Independent-model diagnostics for a priori identification and interpretation of outliers from a full pharmacokinetic database: correspondence analysis, Mahalanobis distance and Andrews curves

  • Nabil Semmar
  • Saik Urien
  • Bernard Bruguerolle
  • Nicolas Simon


Population pharmacokinetic (PK) (or pharmacodynamic (PD)) modelling aims to analyse the variability of drug kinetics (or dynamics) between numerous subjects belonging to a population. Such variability includes inter- and intra-individual sources leading to important differences between the variation ranges, the relative concentrations and the global shapes of PK profiles. These various sources of variability suggest that the distance metrics between the subjects can be examined under different aspects. Some subjects are so distant from the majority that they tend to be atypical or outliers. This paper presents three multivariate statistical methods to diagnose the outliers within a full population PK dataset, prior to any modelling step.
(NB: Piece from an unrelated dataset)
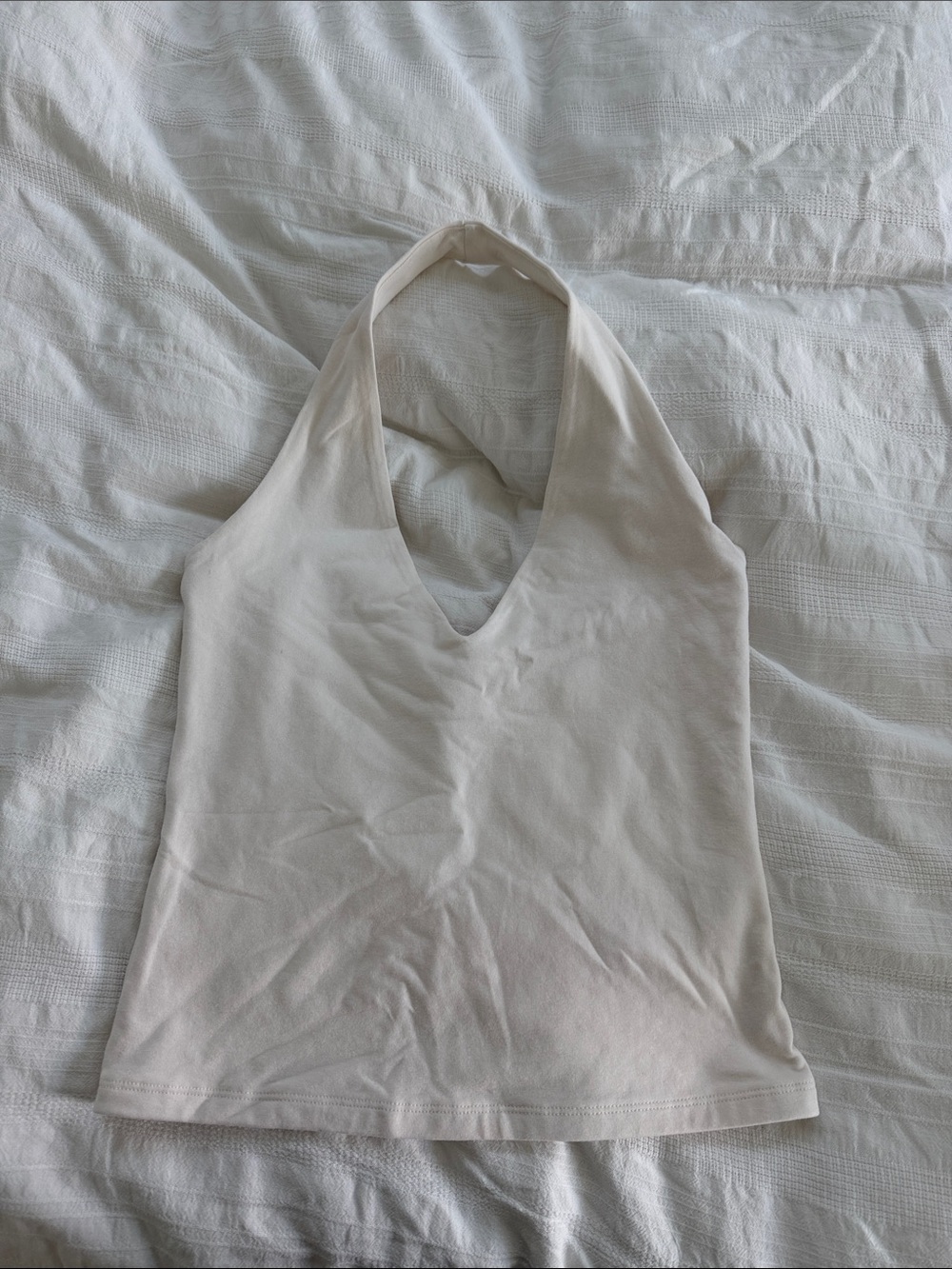 Abercrombie Halter V-Neck Women's Top in Light Cream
Each method combined all the concentration–time variables to analyse the differences between patients by referring to a distance criterion: (a) Correspondence analysis (CA) used the chi-square distance to highlight the most atypical profiles in terms of relative concentrations; (b) Mahalanobis distance was calculated to extract PK profiles showing atypical shapes due to atypical variations in concentration; (c) Andrews method combined all the concentration variables into a Fourier transformation to give sine–cosine curves showing the clustering behaviours of subjects under the Euclidean distance criterion. After identification of outlier subjects, these methods can also be used to extract the concentration values which cause the atypical states of the patients. Therefore, the outliers will incorporate different variability sources of the PK dataset according to each method and independently of any PK modelling. Finally, a significant positive trend was found between the number of times outlier concentrations were detected (by one, two or three diagnostics) and the NPDE metrics of these concentrations (after a PK modelling): NPDE were highest when the corresponding concentration was detected by more diagnostics a priori. The application of a priori outlier diagnostics is illustrated here on two PK datasets: stimulated cortisol by synacthen and capecitabine administrated orally.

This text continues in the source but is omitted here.